Version: | 16.0.0-1 |
Encoding: | UTF-8 |
Title: | Unicode Data and Utilities |
Description: | Data from Unicode 16.0.0 and related utilities. |
Depends: | R (≥ 3.5.0) |
Imports: | utils |
License: | GPL-2 |
NeedsCompilation: | no |
Packaged: | 2025-05-18 15:20:03 UTC; hornik |
Author: | Kurt Hornik |
Maintainer: | Kurt Hornik <Kurt.Hornik@R-project.org> |
Repository: | CRAN |
Date/Publication: | 2025-05-18 16:08:01 UTC |
Unicode Case Conversions
Description
Default Unicode algorithms for case conversion.
Usage
u_to_lower_case(x)
u_to_upper_case(x)
u_to_title_case(x)
u_case_fold(x)
Arguments
x |
R objects (see Details). |
Details
These functions are generic functions, with methods for the Unicode
character classes (u_char
, u_char_range
,
and u_char_seq
) which suitably apply the case mappings
to the Unicode characters given by x
, and a default method
which treats x
as a vector of “Unicode strings”, and
returns a vector of UTF-8 encoded character strings with the results
of the case conversion of the elements of x
.
Currently, only the unconditional case maps are available for conversion to lower, upper or title case: other variants may be added eventually.
Currently, conversion to title case is only available for
u_char
objects.

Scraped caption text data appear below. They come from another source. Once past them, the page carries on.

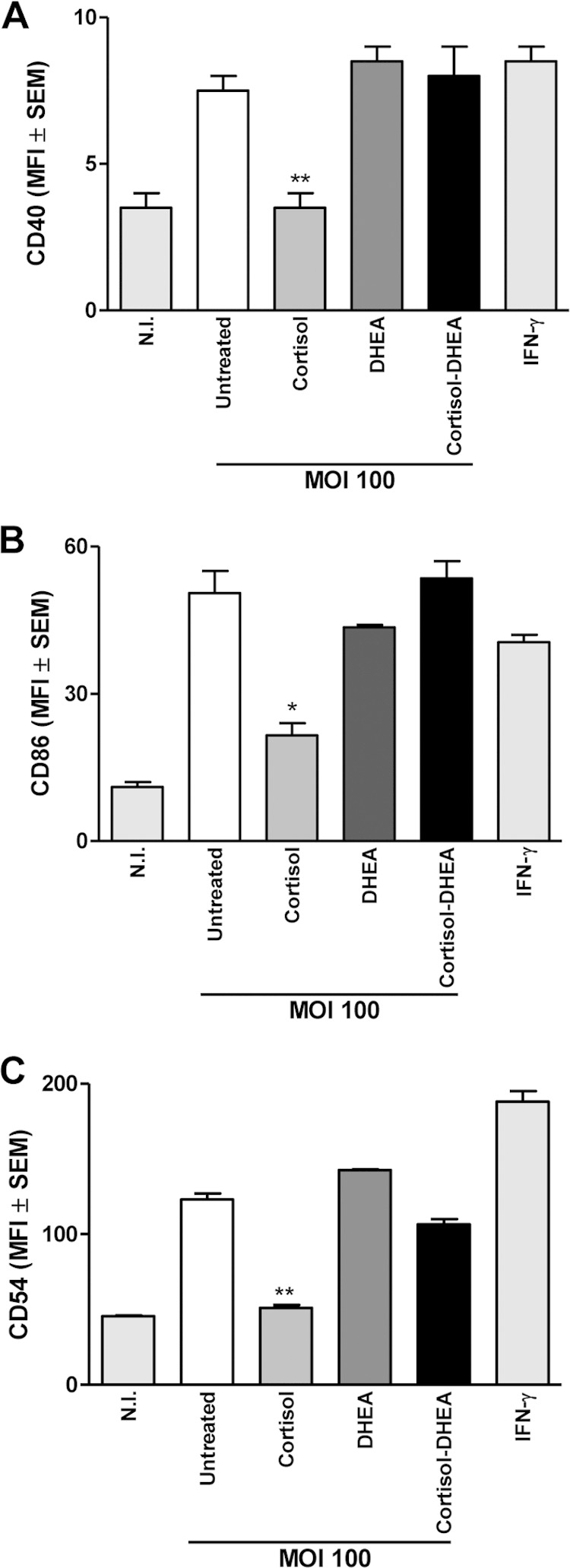 FIG 6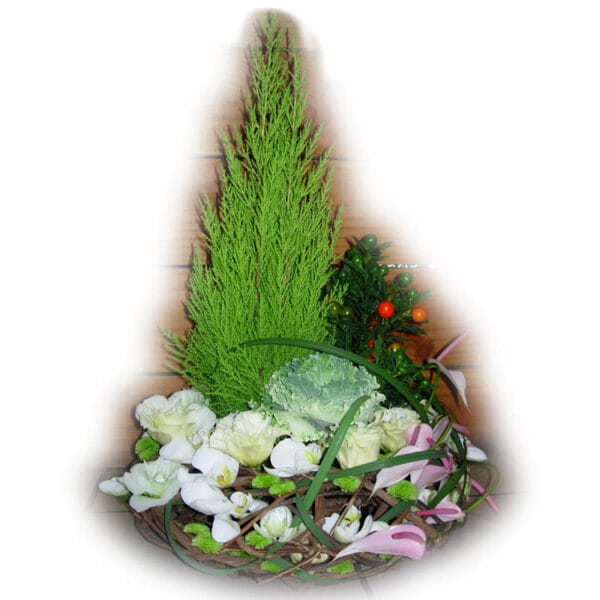 Couronne Naturelle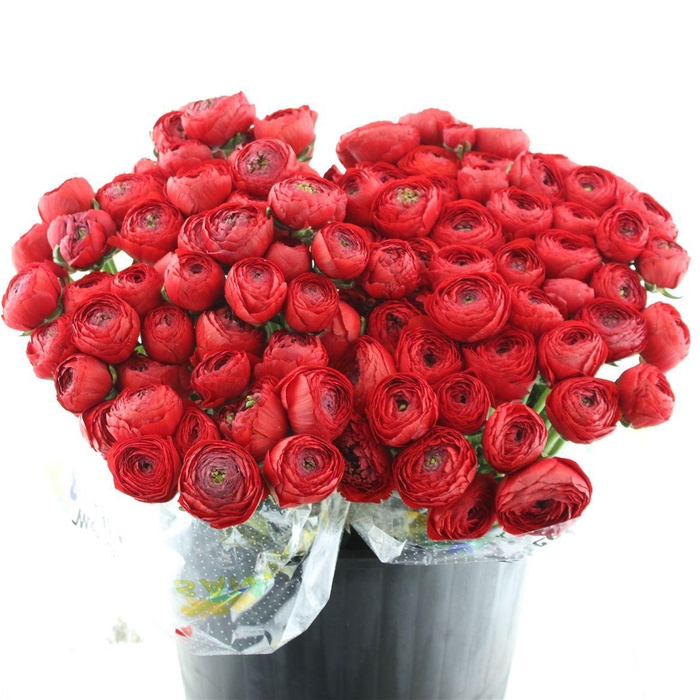 <h4>Ran Su Sr Red 311 1a</h4>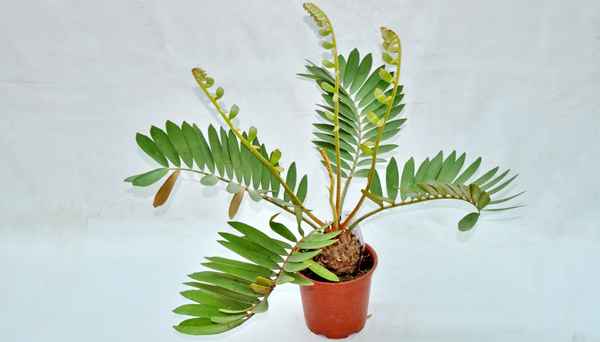 Цветок замия: уход в домашних условиях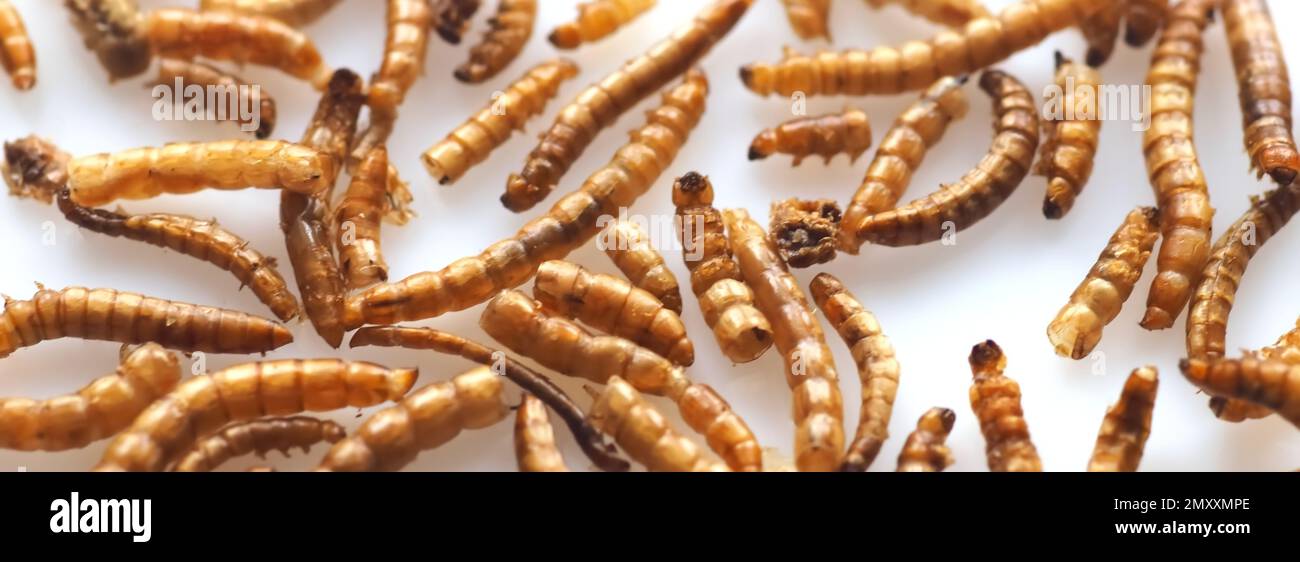 Mealworms approved as human food on white background Stock Photo Alamy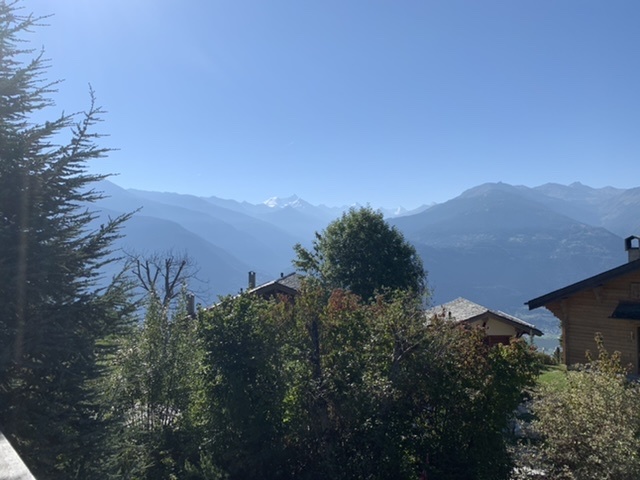 Chalet, 4.5 pièces + mezzanine 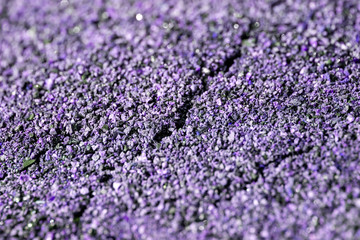 土の背景を紫にしました　クローズアップとコピースペース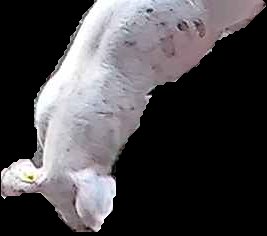 Crop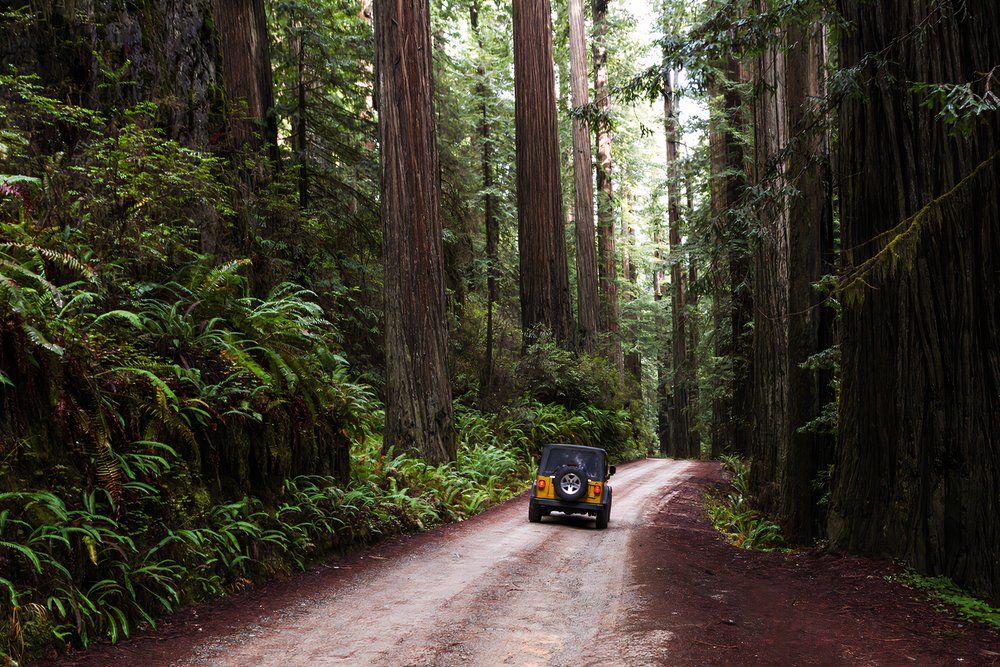 Driving through a giant redwood grove in a secluded forest just a few miles inland from the southern Oregon Coast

Other methods will be added
eventually (once the Unicode text segmentation algorithm is
implemented for detecting word boundaries).
Currently, u_case_fold
only performs full case folding
using the Unicode case mappings with status “C” and “F”:
other variants will be added eventually.
Value
For the methods for the Unicode character classes, a
u_char_seq
vector of Unicode character sequences with
the conversions of the characters in x
.
For the default method, a UTF-8 encoded character string with the
results of the case conversions of the elements of x
.
Examples
## Latin upper case letters A to Z:
x <- as.u_char(as.u_char_range("0041..005A"))
## In case we did not know the code points, we could use e.g.
x <- as.u_char(utf8ToInt(paste(LETTERS, collapse = "")))
vapply(x, intToUtf8, "")
## Unicode character method:
vapply(u_to_lower_case(x), intToUtf8, "")
## Default method:
u_to_lower_case(LETTERS)
u_case_fold("Hi Dave.")
## More interesting stuff: sharp s.
u_to_upper_case("heiß")
## Note that the default full upper case mapping of U+00DF (LATIN SMALL
## LETTER SHARP S) is *not* to U+1E9E (LATIN CAPITAL LETTER SHARP S).
u_case_fold("heiß")
Unicode Character Counts
Description
Compute the number of Unicode characters (code points) in sequences or ranges of Unicode characters.
Usage
n_of_u_chars(x)
Arguments
x |
a vector of Unicode characters, character ranges, or character sequences. |
Value
An integer vector with the numbers of Unicode characters specified by
the elements of x
.
Examples
## How many code points are assigned to the Latin and Cyrillic scripts?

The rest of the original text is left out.